Gesellschaftliche Verantwortung? Keine Auskunft!

Als Korruption beim Öl-für-Lebensmittel-Hilfsprogramm der Uno für den Irak ans Licht kam, hieß es 2005 in einem Untersuchungsbericht der Vereinten Nationen, Glencore-Leute hätten Schmiergelder an das Regime von Saddam Hussein gezahlt. Das Unternehmen beteuerte, es wisse nichts von Regelverstößen. Gegen Glencore wurde in diesem Zusammenhang nie eine Strafe verhängt.

Als Menschenrechtler Bergbaukonzernen 2008 vorwarfen, in Kolumbien gewaltsam Dörfer räumen zu lassen, geriet auch Glencore in die Kritik. Der Konzern wies jede Verantwortung zurück und verwies im Gegenzug auf sein soziales Engagement in dem Land.

Bei einem Ranking zu gesellschaftlicher Verantwortung von Unternehmen landete Glencore 2007 auf dem letzten Platz. “Es gab schlicht keine Infos”, sagt Ranking-Initiator Klaus Rainer Kirchhoff. Auch wenn sich die Firma inzwischen einen Kommunikationsberater zugelegt hat – Kirchhoff glaubt nicht, dass bei Glencore mit dem Börsengang große Transparenz einkehrt. “Die werden ein paar bunte Broschüren drucken und sich etwas mehr öffnen.”

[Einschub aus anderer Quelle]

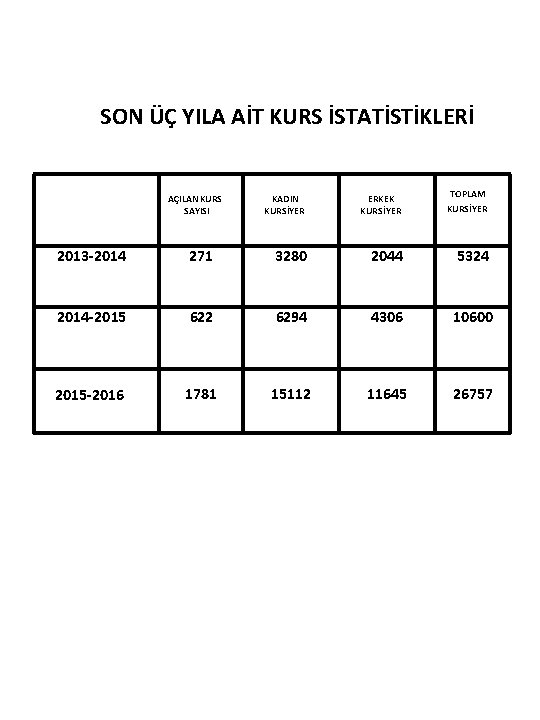 SON ÜÇ YILA AİT KURS İSTATİSTİKLERİ AÇILAN KURS SAYISI KADIN KURSİYER ERKEK KURSİYER TOPLAM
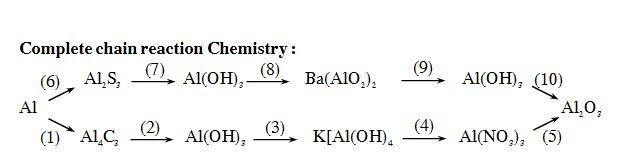 Solved Complete chain reaction Chemistry: | Chegg.com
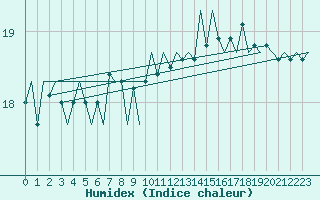 Courbe de l'humidex pour Platform K14-fa-1c Sea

“Ohne Rohstoffe würde die Wirtschaft zusammenbrechen”

Mit seinem Börsenprospekt gibt Glencore nun erstmals Einblick in sein Imperium. Doch viele Details bleiben unklar: Wie viele Anteile an der Firma gehören nun wirklich Glencore-Chef Glasenberg? Wie sind die Geschäfte in den vergangenen Monaten gelaufen?

Was bei Rohstoffgeschäften hinter den Kulissen passiere, wisse die Öffentlichkeit meist nicht, sagt Rich-Biograf Ammann. Ein Geschäftspartner von Marc Rich habe ihm einmal das Dilemma der Rohstoffhändler erklärt. “Ohne Rohstoffe würde die Wirtschaft zusammenbrechen. Die Welt stünde still. Wollen das die Leute, die unsere Arbeit kritisieren, überhaupt wissen? Oder hacken sie lieber auf uns rum, um sich besser zu fühlen?”